Like everyone else, I was reading over
James Whittaker's blog entry this morning on why he left Google to return to Microsoft. The post comes off a little whiny, but that's the nature of these things; when you feel a little betrayed about something you once believed in, you tend to glorify that storied past and bemoan the benighted present. I've cranked out a few of those myself.
Whittaker points to the surge initiated by Larry Page to compete with Facebook as the source of these ills, and to Google+ as an example of all that is now wrong with the company. That's not the first place I've seen this argument in the past few weeks. Paul Graham makes a similar point, tangentially, in his list of
ten ambitious startup ideas. One of those ideas is "start a new search engine." Google, having taken its eye of the search ball and become embroiled in its pointless losing fight with Facebook, is vulnerable in what once was its core strength. And even as the company has narrowed its portfolio to focus on social, I was reminded of how the few remaining product lines still receive short shrift as I look over
complaints about Apps, or the horrible changes that have been jammed down onto
Gmail and Reader in purported service of this larger social good.
Google has always been two different businesses (in the sense that they actually function as a business; this doesn't include their various digressions and experimentations, even the most popular of which have never had broad adoption or generated significant revenue): internally, as Whittaker points out, they are an ad company, and an extremely successful one; externally, to their users, they are a search company, and they had been extremely successful at that until recently as well.

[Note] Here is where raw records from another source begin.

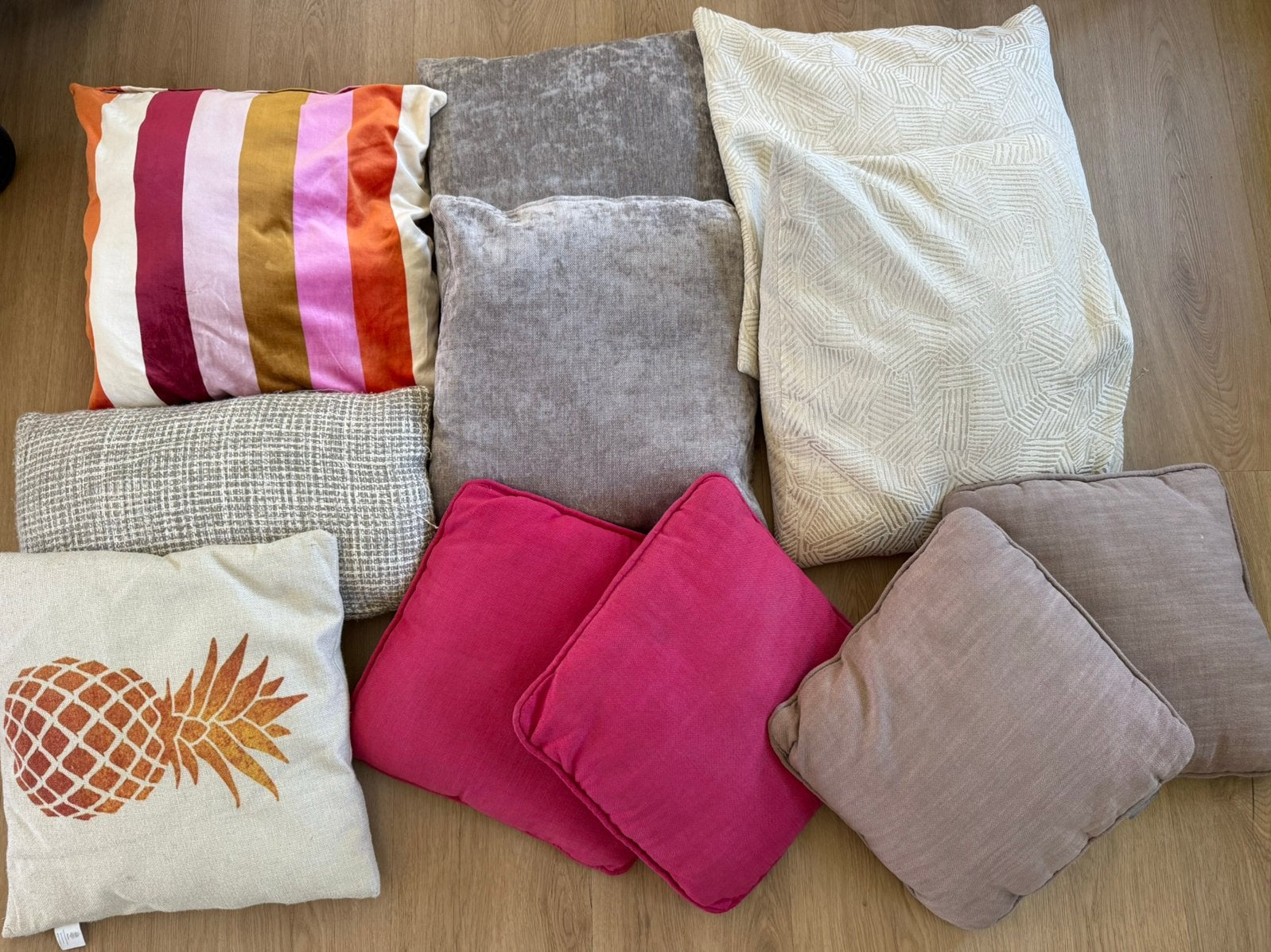 Lot 11 coussins A DONNER, Enlèvement, Utilisé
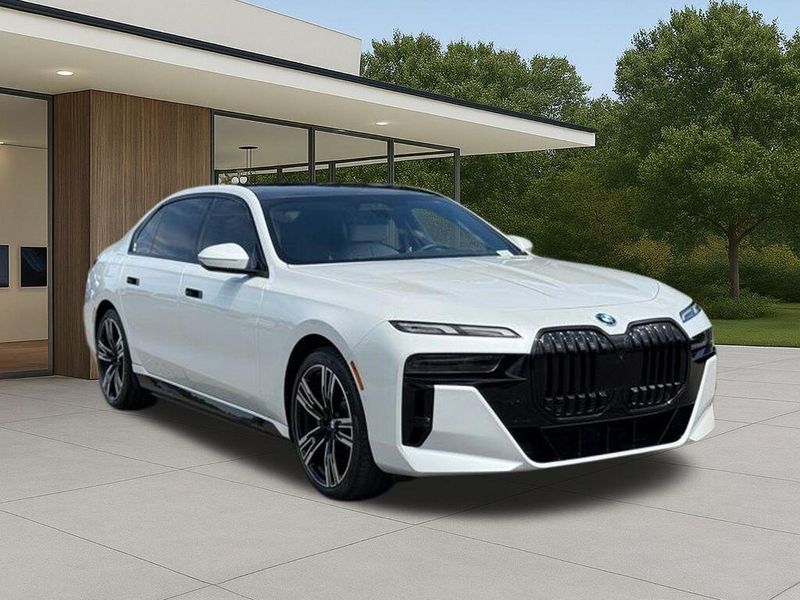 Used 2024 BMW i7 xDrive60Image 6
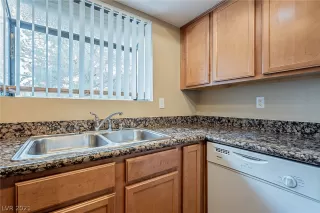 Photo #5: 2350758 Listing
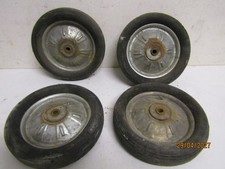lot de 4 roues de voiture a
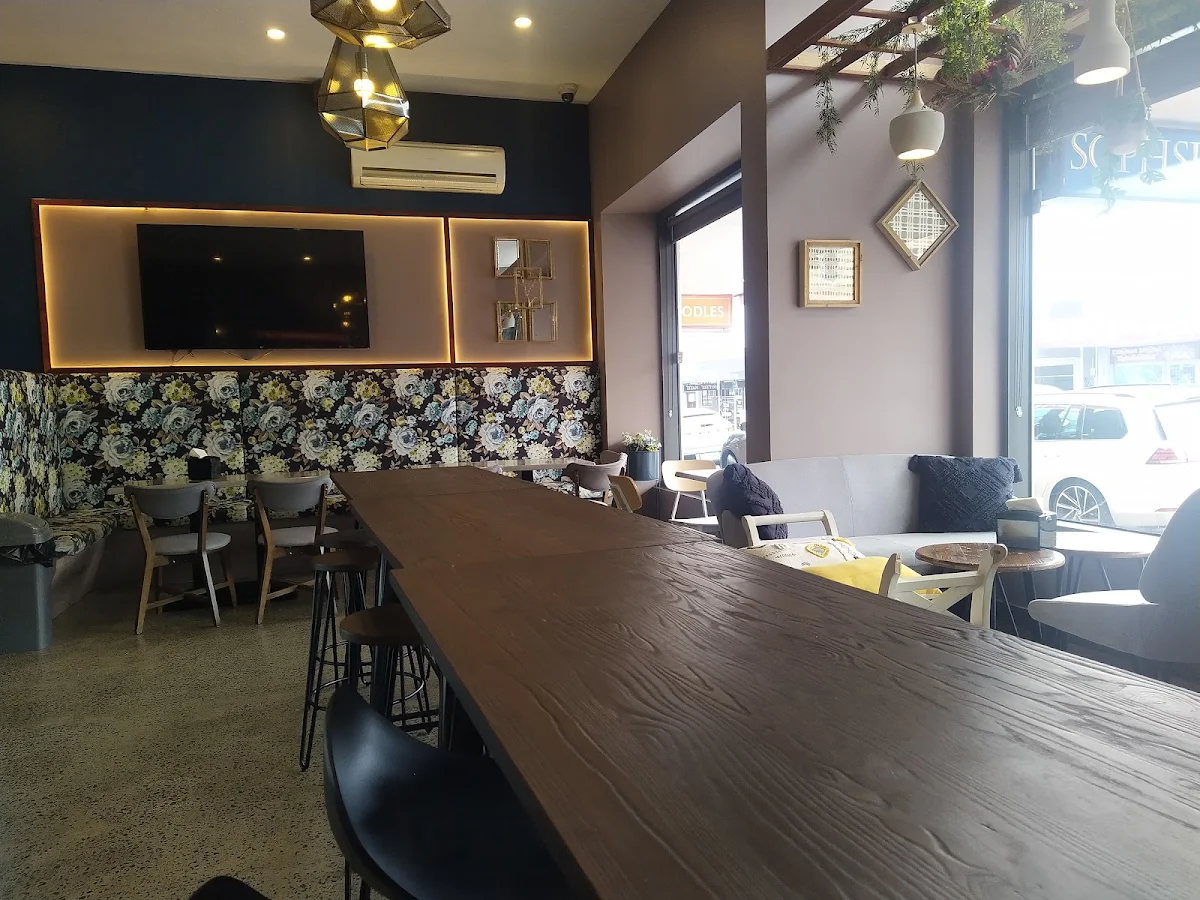 Vibe, Soph Slice Gourmet Pizza Bar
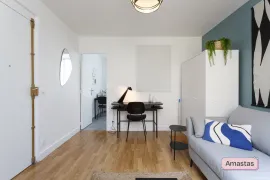 Location Beau studio avec cuisine séparée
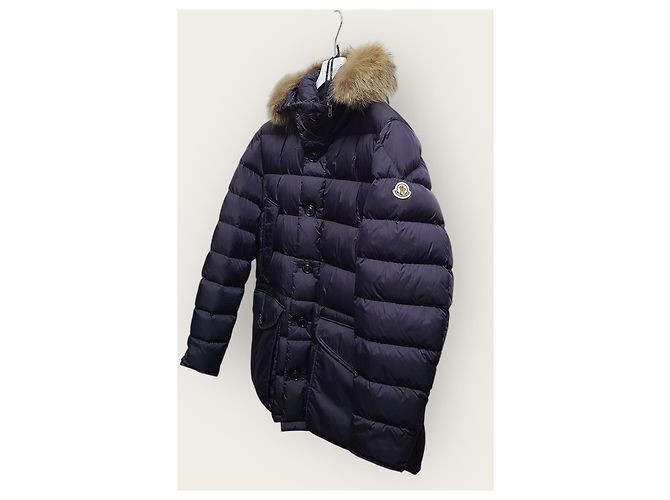Moncler Navy Badge Cluny Steppjacke mit Waschbärfell Blau - Ansicht 2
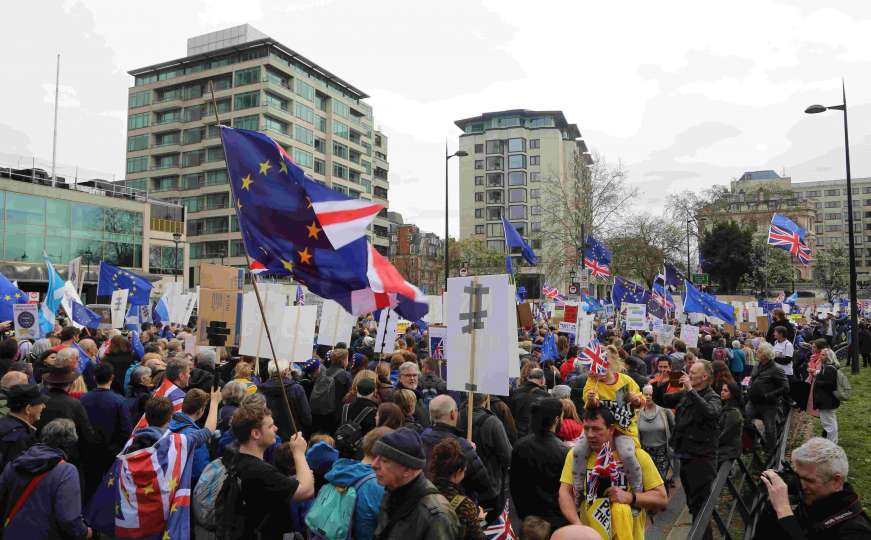 London: Demonstranti poručili da žele novi referendum o Brexitu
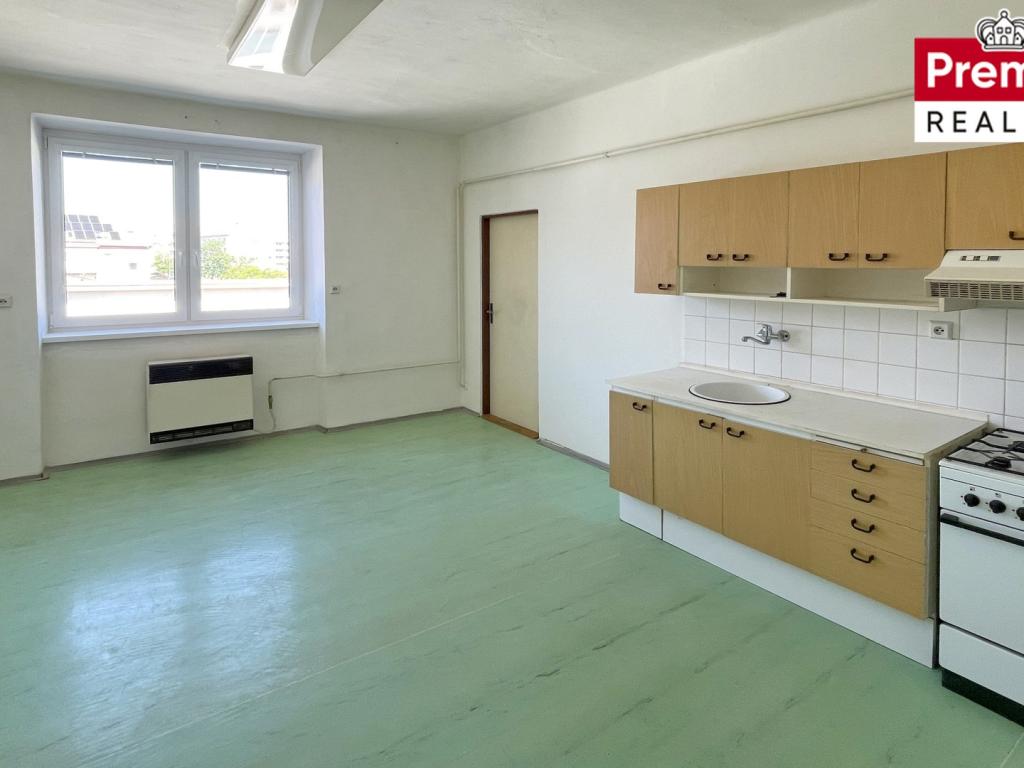 Pronájem bytu 1+1 52 m2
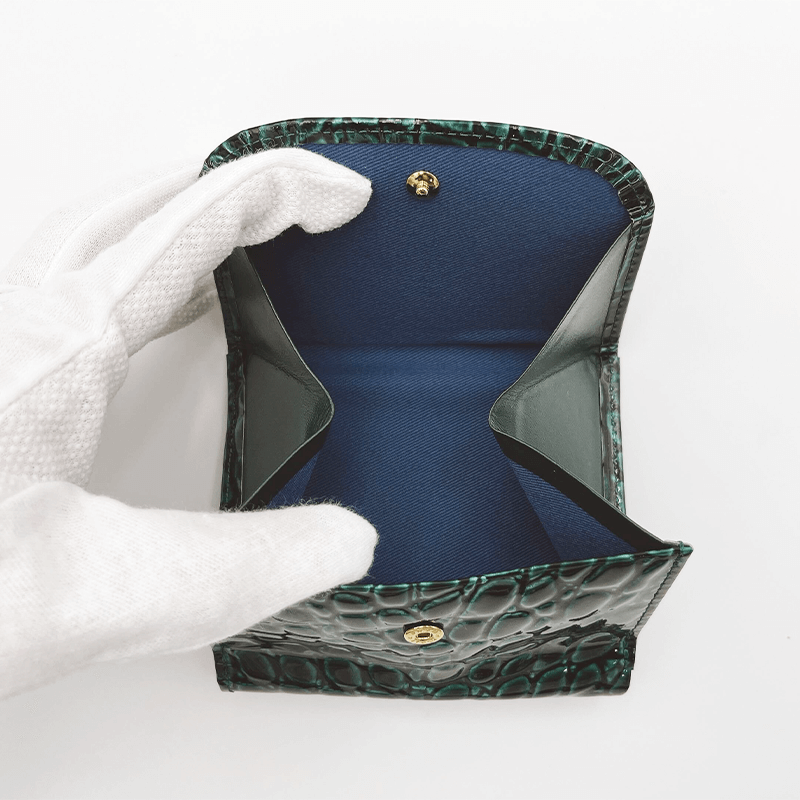 VIA DOAN（ヴィアドアン）ラックスクロコエナメル型押し折り財布グリーン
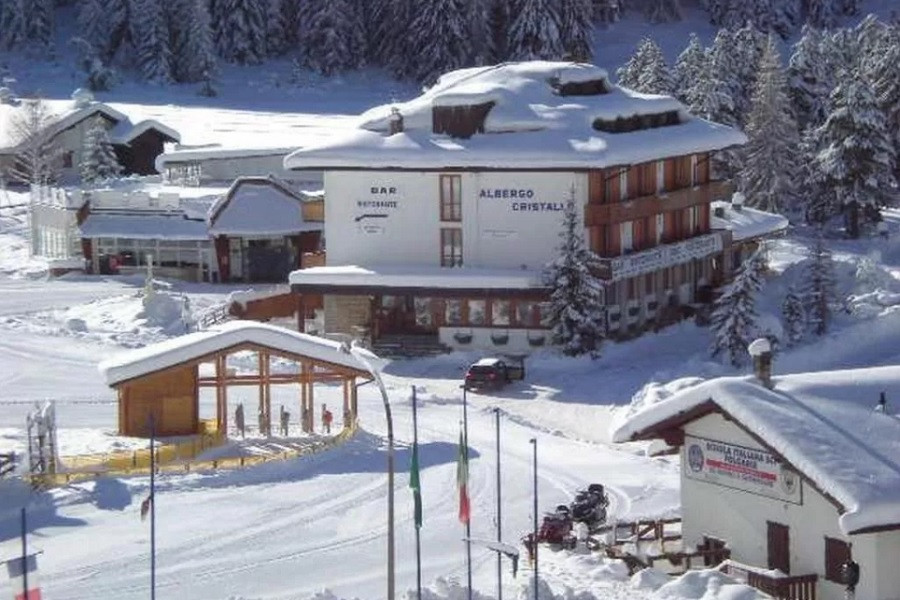 hotel-cristallo-folgaria-1.jpg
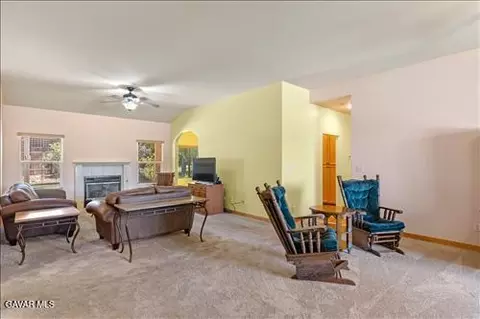 1300 Scarlet Oak Dr, Tehachapi, CA 93561 photo 7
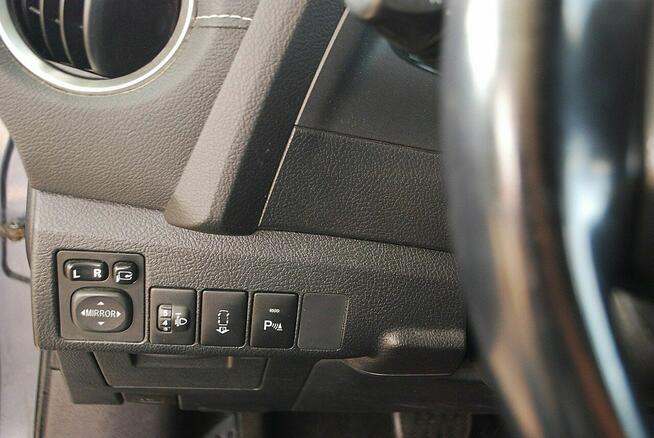 Toyota Auris 1,8 benzyna HYBRYDA.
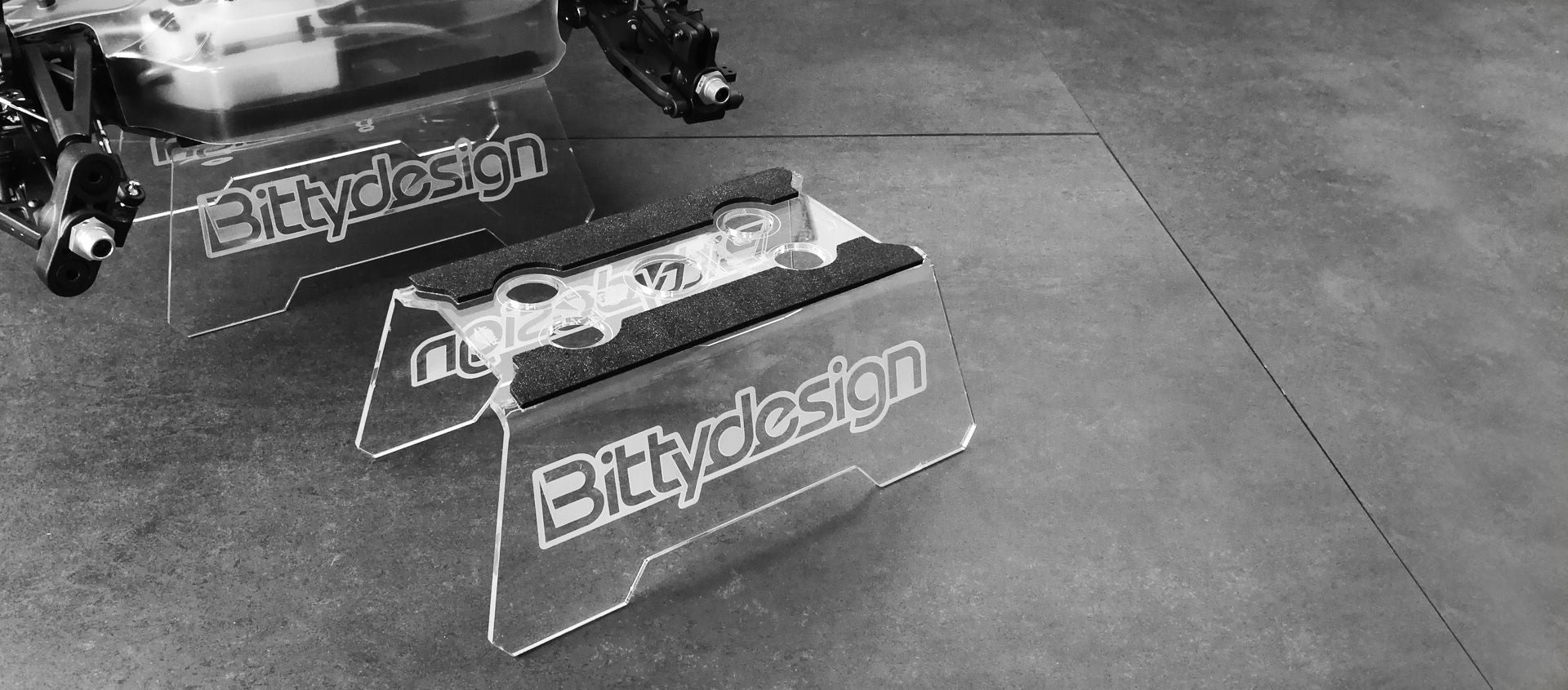 Bittydesgin Car Stand 1/8 Buggy & Truggy - RCXX - RC Racing Shop | RC Models | Tuning & Spare Parts for Professionals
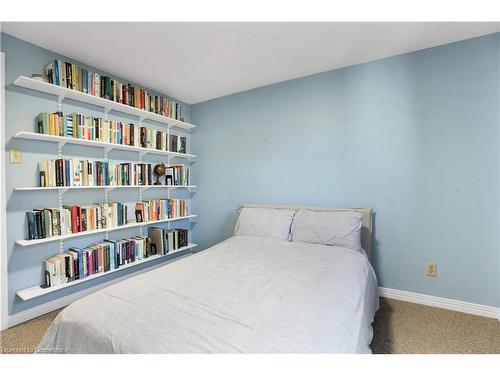 B-647 Pinerow Crescent, Waterloo, ON - Indoor Photo Showing Bedroom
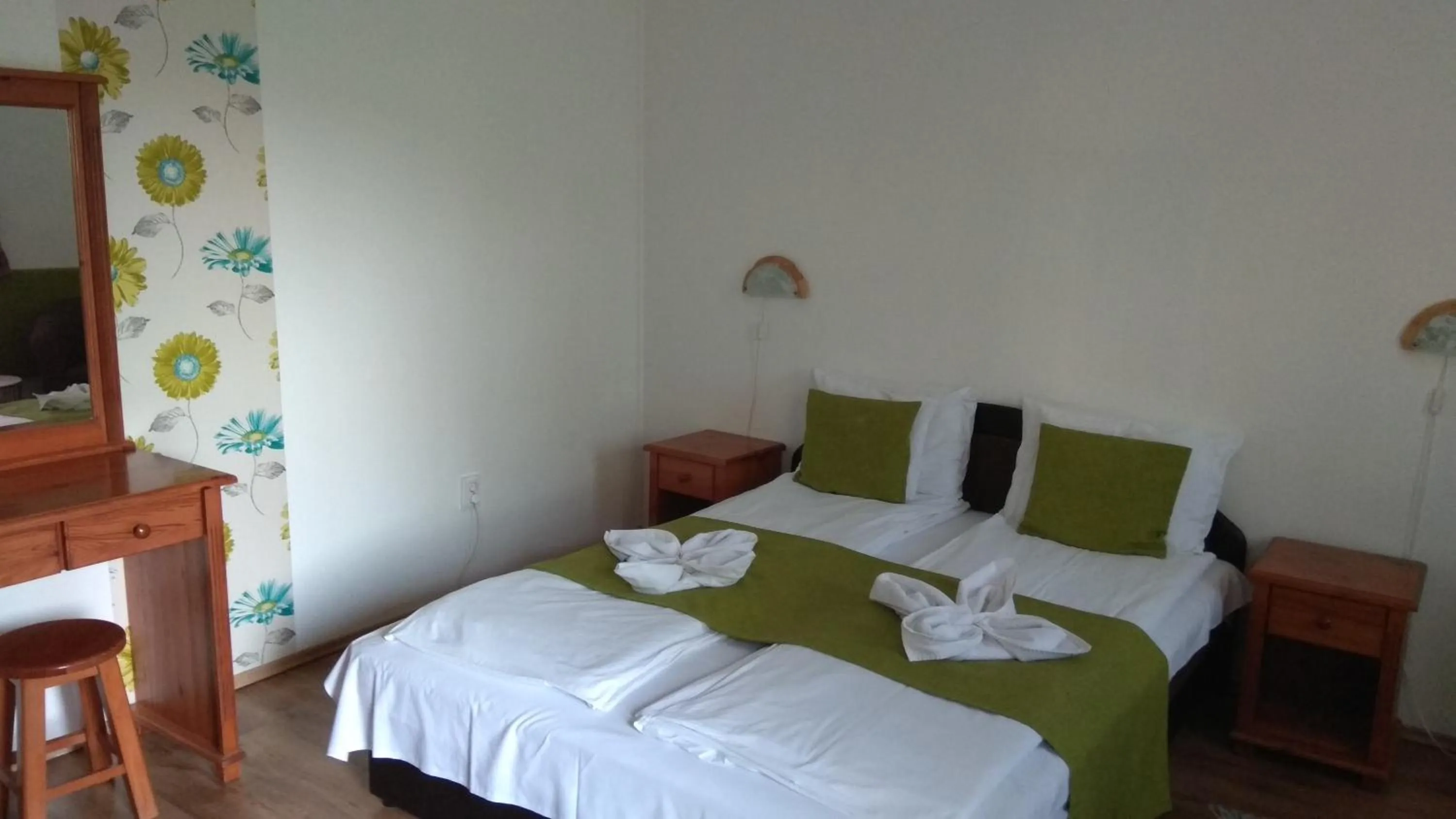 Photo of the whole room in Nádas Pihenőpark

Whittaker attributed this to "good content" but the content isn't, and never has been, Google's... it is generated by the rest of us and Google's particular and appealing genius was to index it and make it accessible, while throwing some unobtrusive ads up alongside it to support the whole experience.
The company has long attempted to break out of the search box in the minds of users, looking for something more sticky and valuable to serve them with, but has made a poor job of it at every turn. What is happening with the Google+ social push is even worse, however. In desperately attempting to shoehorn existing properties into the big Google+ family, the company has diminished, rather than enhanced, their value to users. I can no long frequently recommend Apps as a solution for businesses, for example, because the company is not only divorced from core Apps services as a revenue stream (this was always true and always a moderate risk), but is now visibly desperate to somehow make everything "social" at the expense of core functionality. The "Search Plus Your World"
tinkering with search is a frightening and potentially damaging example that could mark the beginning of a steady deterioration in the very business that users turn to the company for.
Graham compares Google's obsession with Facebook over Microsoft's with Google and I think that's apt in most respects. Microsoft saw Google's philosophy of computing services as a threat and made the mistake of thinking that Google itself was the threat, and attempted to mimic them to compete, making a poor job of it. Google seems to be taking the same tack with Facebook. This isn't necessarily to condemn either Microsoft or Google; the philosophies they are up against
are existential threats to their existing businesses, and it's always a tough call to find a way to reinvent your business without cannibalizing it. Microsoft, despite several mis-steps, may in fact be doing a better job of this than Google is. One can only hope Google will similarly find a workable solution to their own dilemma.
Unlike Microsoft, however, Google doesn't have the advantage of a massively entrenched product infrastructure that would take decades to supplant. Moving ad dollars and searching eyeballs to a competitor is the work of minutes. If their moves have a whiff of desperation, it's desperation well-earned.